Это были те политические идеи, которыми в той или иной степени жили все вокруг Пушкина О вольности златой толковали не только у братьев Тургеневых, но под Зеленой Лампой и у Никиты Всеволожского, где пламень жженки смешивался с пламенем свободолюбия.
Еще от лицейских профессоров, главным образом от Куницына, наслушался Пушкин рассуждений о правах человека и гражданина.
Теми же мыслями волновалась, горячо их обсуждала блестящая военная молодежь, с которой поэт встречался в Царском Селе и окончательно сблизился в Петербурге.
Один из них, П. Я. Чаадаев (1796–1856), оставил явственный след на умственном развитии Пушкина и, может быть, еще больший на развитии его характера.
Чаадаев, как и большинство его образованных современников, учился не столько в профессорских аудиториях, сколько от жизни и из книг. Пробыв недолго в Московском университете, он поступил в Семеновский полк, и в день Бородина стоял около полкового знамени. Дрался под Кульмом и Лейпцигом. Был в почетном карауле при Александре, когда русские войска входили в Париж. Вернулся вместе с гвардией, поступил в лейб-гусарский полк, стоявший в Царском Селе. Потом был назначен адъютантом к командующему войсками петербургского округа кн. Иллариону Васильевичу Васильчикову.
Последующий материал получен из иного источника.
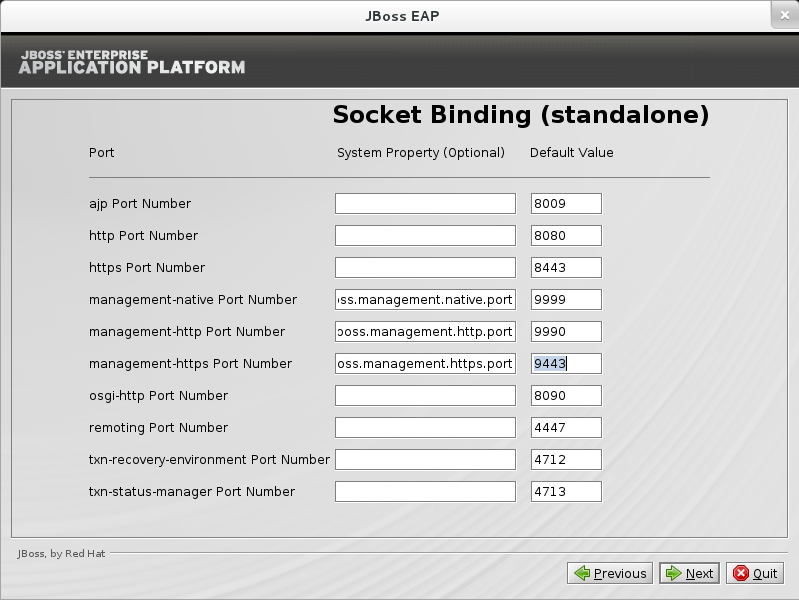 Configure custom socket bindings for standalone mode.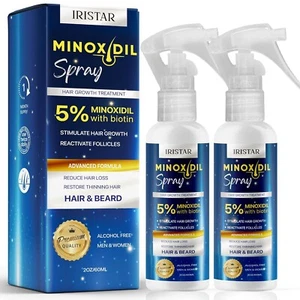 Iristar - 5% Minoxidil for Men Hair Growth Spray with Biotin- 2 Pack - Picture 1 of 9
Красивый, англизированный, сдержанный, с отличными манерами, всегда безукоризненно одетый, Чаадаев считал, что заботы о своей внешности есть необходимая часть самовоспитания и самоуважения. Пушкину это нравилось. После неряшливой семьи ему было чему научиться от Чаадаева. Для только что сбросившего с себя лицейскую курточку и не привыкшего к штатскому платью поэта этот изящный, умный щеголь был своего рода arbiter elegantiarum
.
Около этого времени в Париже произошла революция в мужских модах. Раньше носили узкие в обтяжку штаны с ботфортами, или штаны до колен с чулками и башмаками. Это был пережиток костюма XVIII века, с той разницей, что после французской революции мужчины, сохранив общий покрой одежды, отказались от лент и кружев, стали одеваться в более темные цвета, носить сукно вместо шелка. После 1818 года появился тот тип мужской одежды, темной, одноцветной, простой, который держится и до сих пор. Стали носить широкие брюки навыпуск и сюртуки. Старикам, привыкшим к фракам, это казалось безобразным и дерзким новшеством. Пушкин, вообще любивший хорошо одеваться, быстро усвоил новые моды и этим лишний раз обращал на себя внимание староверов.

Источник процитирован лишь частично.